De kanker groeit in de lamina propria, muscularis mucosa (het weefsel onder het epitheel), submucosa of de dikke spierlaag (muscularis propria). De kanker is niet uitgezaaid naar nabijgelegen lymfeklieren of naar verre organen.

De kanker kan van elke graad of van onbekende graad zijn en zich overal in de slokdarm bevinden.

IIA

De kanker groeit in de dikke spierlaag (muscularis propria). De kanker is niet uitgezaaid naar nabijgelegen lymfeklieren of verre organen.

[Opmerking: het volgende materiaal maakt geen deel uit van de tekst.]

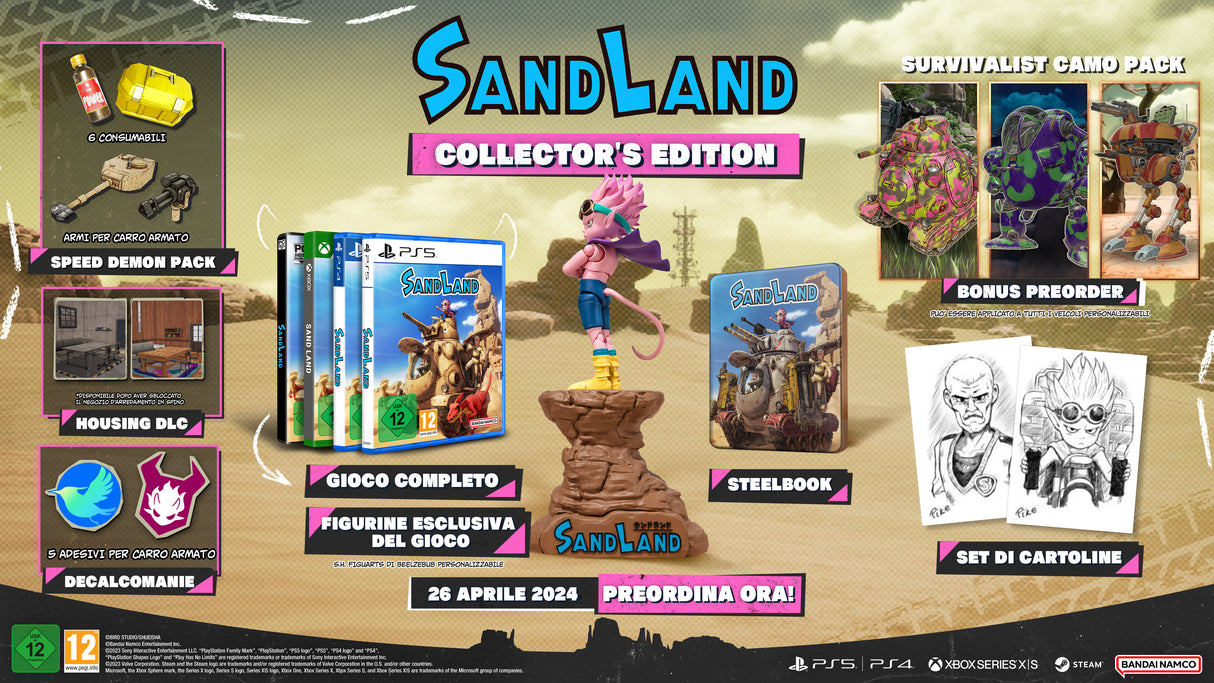 BANDAI NAMCO Entertainment Sand Land Standard Inglese, Giapponese PlayStation 5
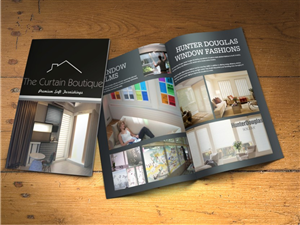 Catalogue Design by hema dhawan for The Curtain Boutique | Design: #4024289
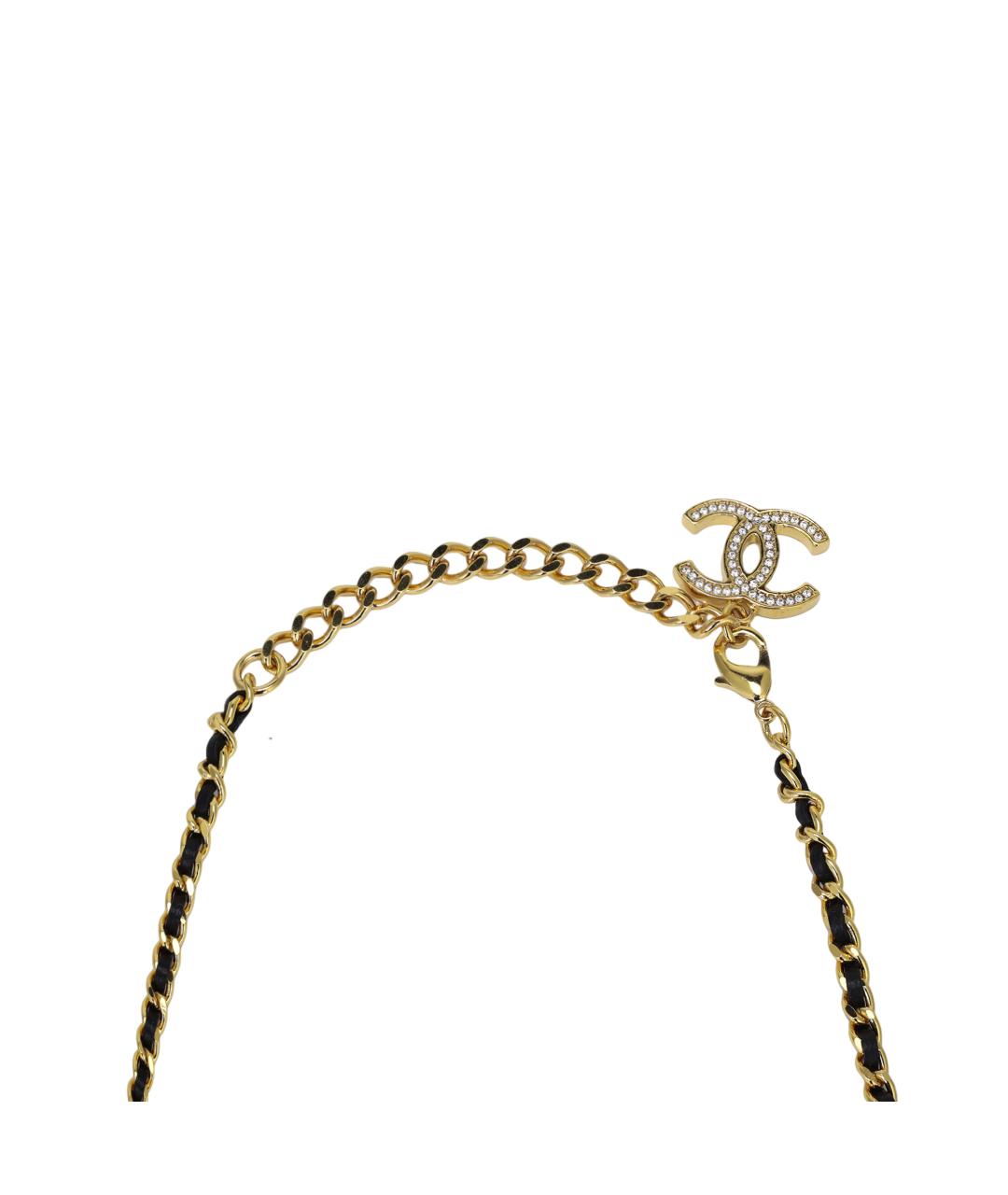 CHANEL Золотое латунное колье, фото 4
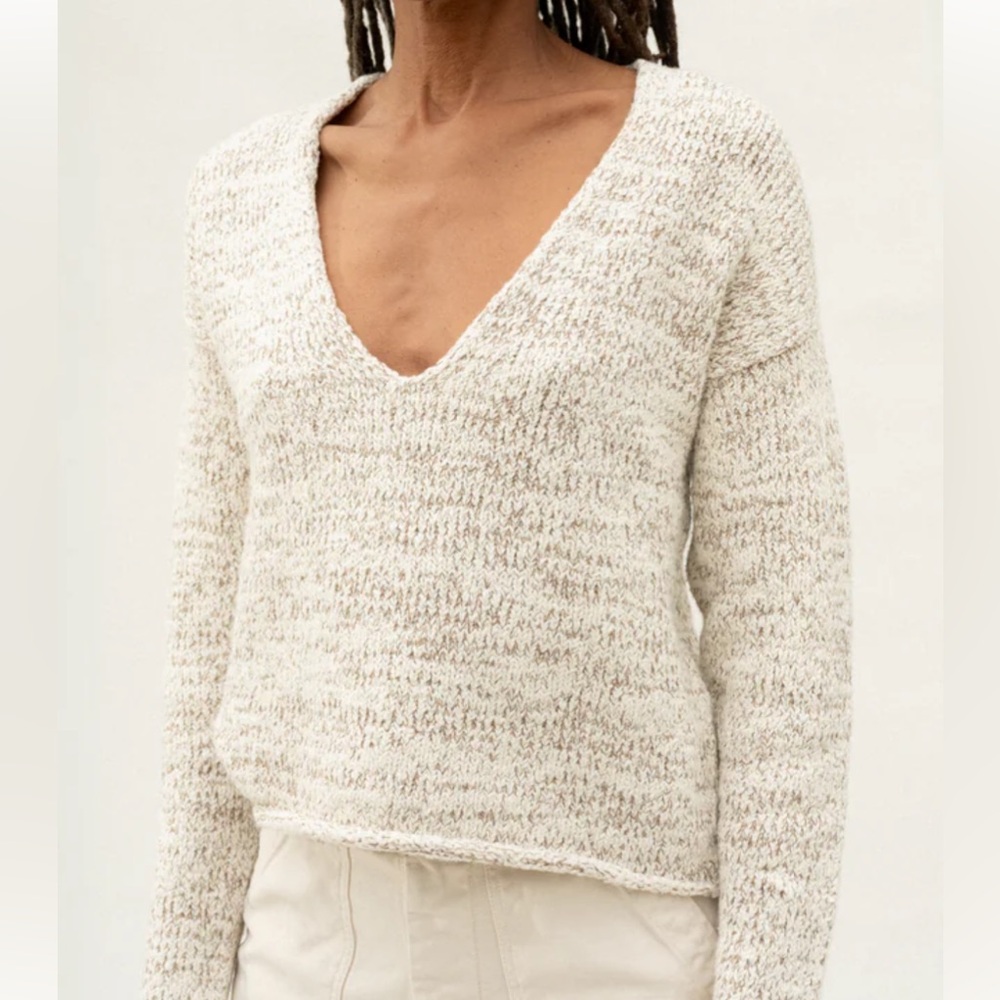 Lauren Manoogian Marl V Neck Sweater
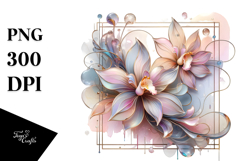 Shiny Orchid Material Splash, PNG Product Image 1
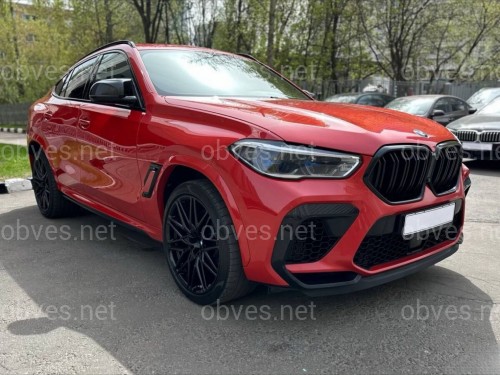 Комплект обвеса X6M F96 для BMW X6 G06 2018-2022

De kanker kan graad 2 of 3 of een onbekende graad hebben en zich overal in de slokdarm bevinden.

OR

De kanker is uitgezaaid naar de buitenste laag van de slokdarm (de adventitia). De kanker is niet uitgezaaid naar nabijgelegen lymfeklieren of verre organen.

De kanker kan een van de volgende zijn:

  • Iedere graad en gelegen in de onderste slokdarm OF
  • Graad 1 en gelegen in de bovenste of middelste slokdarm.

IIB

De kanker groeit in de buitenste laag van de slokdarm (de adventitia). De kanker is niet uitgezaaid naar nabijgelegen lymfeklieren of verre organen.

De kanker kan een van de volgende zijn:

  • Graad 2 of 3 en gelegen in het bovenste of middelste deel van de slokdarm OF
  • Een onbekende graad en overal in de slokdarm gelegen OF
  • Een graad en een onbekende plaats in de slokdarm hebben.

OR

De kanker groeit in de lamina propria, muscularis mucosa (het weefsel onder het epitheel) of in de submucosa. De kanker is uitgezaaid naar 1 of 2 nabijgelegen lymfeklieren.

De kanker kan van elke graad zijn en zich overal in de slokdarm bevinden.

IIIA

De kanker groeit in de lamina propria, muscularis mucosa (het weefsel onder het epitheel), submucosa of de dikke spierlaag (muscularis propria). Het is uitgezaaid naar niet meer dan 6 nabijgelegen lymfeklieren. De kanker is niet uitgezaaid naar verre organen.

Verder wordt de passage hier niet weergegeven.